Although almost five million people visit GRAND CANYON NATIONAL PARK every year, the canyon itself remains beyond the grasp of the human imagination. No photograph, no statistics, can prepare you for such vastness. At more than one mile deep, it’s an inconceivable abyss; varying between four and eighteen miles wide, it’s an endless expanse of bewildering shapes and colours, glaring desert brightness and impenetrable shadow, stark promontories and soaring sandstone pinnacles. Somehow it’s so impassive, so remote – you could never call it a disappointment, but at the same time many visitors are left feeling peculiarly flat. In a sense, none of the available activities can quite live up to that first stunning sight of the chasm. The overlooks along the rim all offer views that shift unceasingly from dawn to sunset; you can hike down into the depths on foot or by mule, hover above in a helicopter or raft through the whitewater rapids of the river itself; you can spend a night at Phantom Ranch on the canyon floor or swim in the waterfalls of the idyllic Havasupai Reservation. And yet that distance always remains – the Grand Canyon stands apart.

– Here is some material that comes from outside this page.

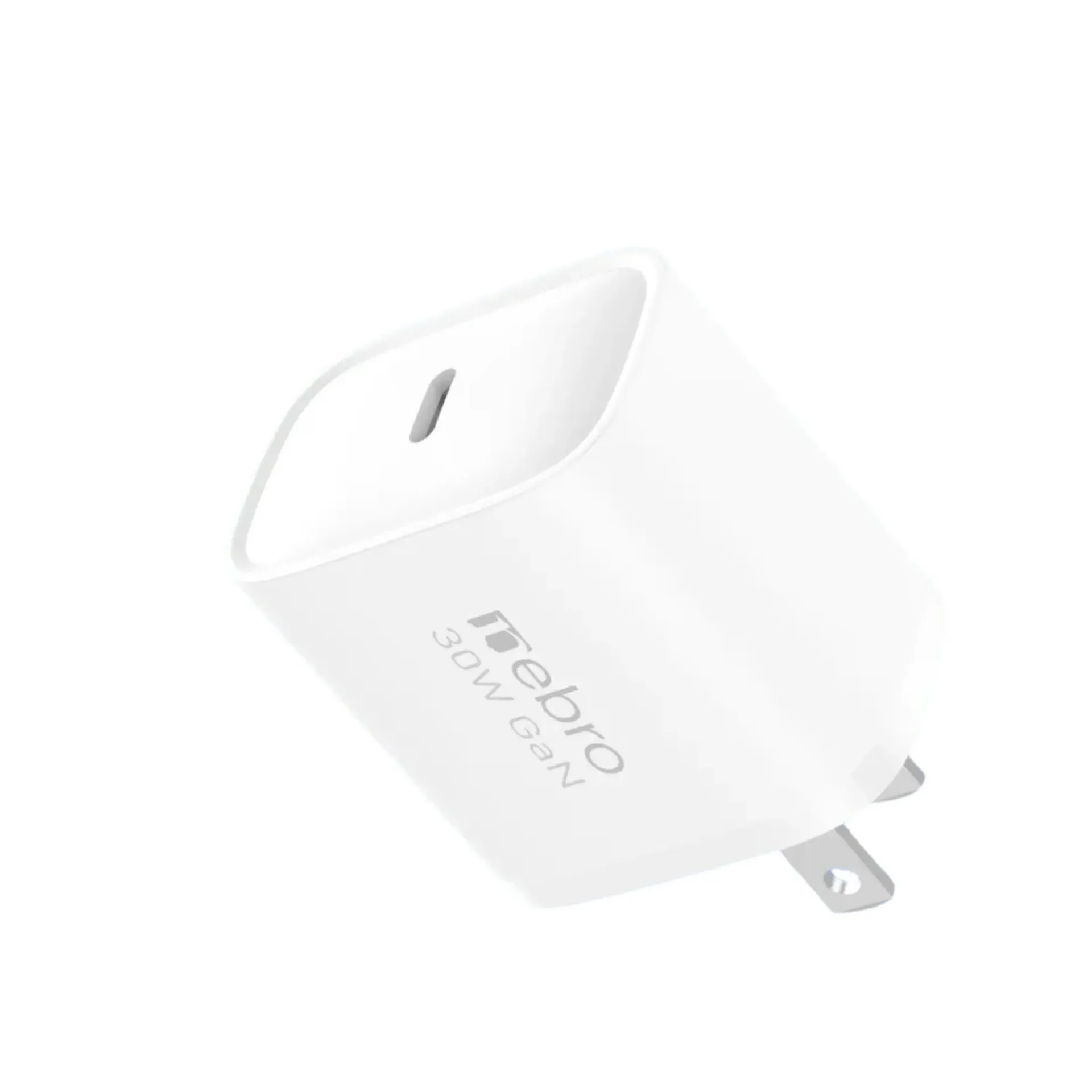 CARGADOR NEBRO CUBO VGA-053 TIPO-C PD 30W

The vast majority of visitors come to the South Rim – it’s much easier to get to, it holds far more facilities (mainly at Grand Canyon Village) and it’s open year round. There is another lodge and campground at the North Rim, which by virtue of its isolation can be a lot more evocative, but at one thousand feet higher it is usually closed by snow from mid-October until May. Few people visit both rims; to get from one to the other demands either a tough two-day hike down one side of the canyon and up the other or a 215-mile drive by road.
Geology and history of the canyon
Geology and history of the canyon
Layer upon layer of different rocks, readily distinguished by colour and each with its own fossil record, recede down into the Grand Canyon and back through time. Although the strata at the riverbed are, at almost two billion years old, among the oldest exposed rocks on earth, however, the canyon itself has only formed in the last six million years, Experts cannot agree quite how that has happened, because the Colorado actually cuts through the heart of an enormous hill (known to Native Americans as the Kaibab, “the mountain with no peak”). The canyon’s fantastic sandstone and limestone formations were not literally carved by the river, however; they’re the result of erosion by wind and extreme cycles of heat and cold. These features were named – Brahma Temple, Vishnu Temple and so on – by Clarence Dutton, who wrote the first Geological Survey report on the canyon in 1881.

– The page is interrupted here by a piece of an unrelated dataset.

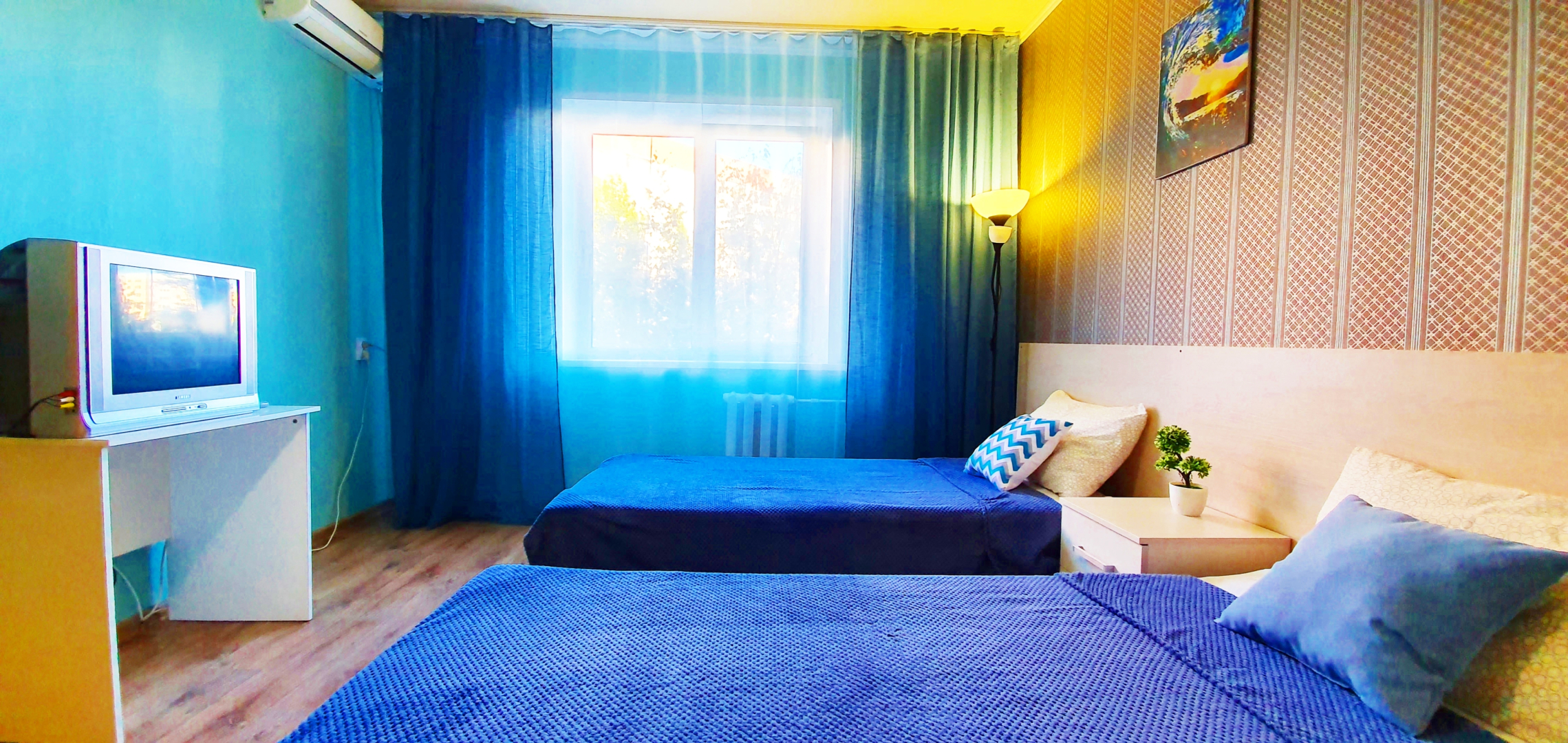 Апартаменты Бизнес класс Саратовское шоссе 93/1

While it may look forbidding, the Grand Canyon is not a dead place. All sorts of desert wildlife survive here – sheep and rabbits, eagles and vultures, mountain lions and, of course, spiders, scorpions and snakes. Humans have never been present on any great scale, but signs have been found of habitation as early as 2000 BC and the Ancestral Puebloans were certainly here later on. A party of Spaniards passed through in 1540 and a Father Garcés spent some time with the Havasupai in 1776, but John Wesley Powell’s expeditions along the fearsome uncharted waters of the Colorado in 1869 and 1871–72 really brought the canyon to public attention. Entrepreneurs made a few abortive attempts to mine different areas, then realized that facilities for tourism were a far more lucrative investment. With the exception of the Native American reservations, the Grand Canyon is now run exclusively for the benefit of visitors, although as recently as 1963 there were proposals to dam the Colorado and flood 150 miles of the Canyon and the Glen Canyon dam has seriously affected the ecology downstream.